Really, the way in which the cloud is forced within the Earths atmosphere, so changing surface temperature on all time scales should not be a matter of dispute. That which is forcing the atmosphere so as to shift atmospheric mass between high and low latitudes is more difficult to explain. The existence and the nature of the shift should not be the subject of debate. It is documented in the AO and AAO indices. The inter-hemispheric shift needs more work. Its tied in with the long term decline in atmospheric mass in the high latitudes of the southern hemisphere. But, the dynamics of all this is where the electric universe comes in, reinforced by the multiplier effect from the Antarctic circulation, in turn a product of the distribution of land and sea..

Re the comment from Mr Ellison:

“So there are natural causes of decadal, centennial and even millennial variability in hydrology (and climate) on which we clearly do not have much of a handle”. My comment: Speak for yourself. It’s not that difficult.

“and it is as a result impossible to convincingly disentangle causation”. My comment: Getting much closer than you think. Look harder.
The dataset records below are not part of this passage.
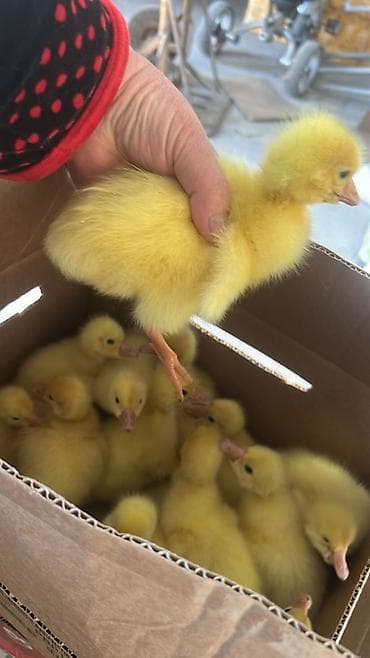 продам сено: Продаю | Цыплята | Для разведения — 2
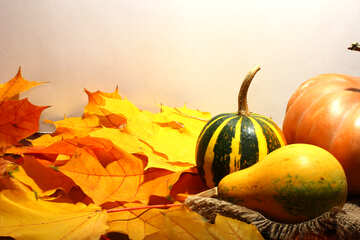 Calabaza en las hojas amarillas de otoño №35413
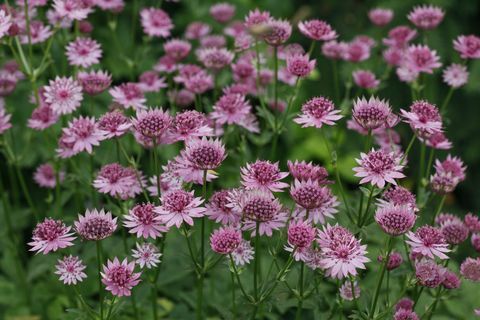 astrantija „roma“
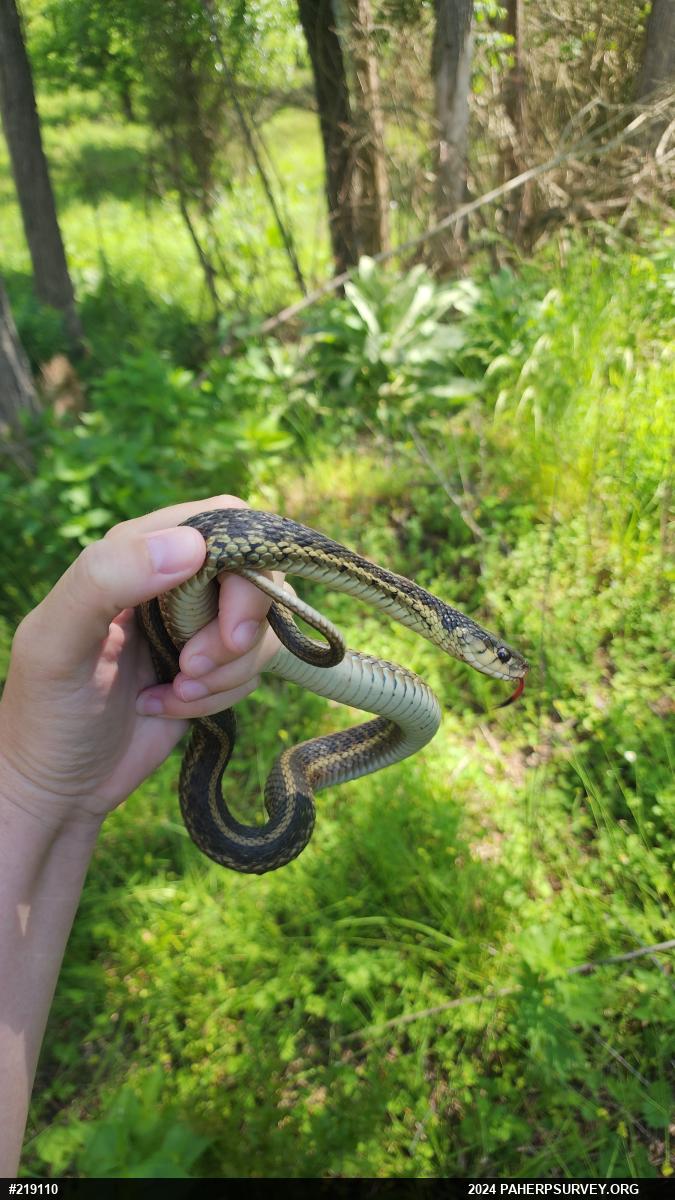Eastern Gartersnake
“there clearly should be some warming from anthropogenic greenhouse gases but how can you tell by how much”. My comment: Not on a planetary scale.

If you really want to get a grip on these phenomena don’t rely on others. Examine the history of the atmosphere for yourself. It can be found at: http://www.esrl.noaa.gov/psd/cgi-bin/data/timeseries/timeseries1.pl It’s a gripping story.

================================================

I have some of the answers to Erl's remaining questions. The ~75 year cycle in the Arctic oscillation is explained in the papers detailed here:
http://ansatte.hials.no/hy/climate/defaultEng.htm

The prediction of solar activity levels at the decadal timescale is within my grasp. The short term fluctuations which are the key to seasonal Weather forecasting are the holy grail. I'm working on it using a technique developed 20 years ago by a researcher who died in 2004. It doesn't help that a phd climate science student from Potsdam took off with his papers and they haven't surfaced since.

Arapiles .
(Arapiles) - M

Locale: Melbourne
Re: Re: Re: Re : The Carbon Flame War on 06/19/2011 03:59:25 MDT Print View

"Arapiles says:
focussing locally, there's clearly something going on given the changes in rainfall patterns in parts of Australia.

Yes Arapiles, it's called "Weather"."

No, it's called drastic changes in rainfall patterns: remember this graph?

Victorian Rainfall Anomalies

Edited by Arapiles on 06/19/2011 04:01:13 MDT.

Arapiles .
(Arapiles) - M

Locale: Melbourne
Re: Re: Re: Re : The Carbon Flame War on 06/19/2011 04:10:18 MDT Print View

"Don't you remember berating me many pages ago on this thread when I mentioned some cooling events by telling me that anything less than a 30 year trend was "just weather"?"

No, I don't remember it because I've never said it or written it. Perhaps you're confusing me with someone else?

As to "proof", there is of course no certainty, just the well-considered views of thousands of climate scientists. But I'd rather not wait to find out if 0.045% actually is catastrophic - which is the point of the whole debate.

Edited by Arapiles on 06/19/2011 04:42:05 MDT.

Arapiles .
(Arapiles) - M

Locale: Melbourne
Re: Costs of emissions reductions in Australia on 06/19/2011 04:39:15 MDT Print View

"Unless you provide a breakdown of the projected costs of shutting down Australia's coal and mineral based energy intensive economy, and some proof that increasing atmospheric levels of carbon dioxide from 0.028% to 0.045% of the atmosphere is "potentially catastrophic", I'm going to treat this as the EMPTY RHETORIC it is."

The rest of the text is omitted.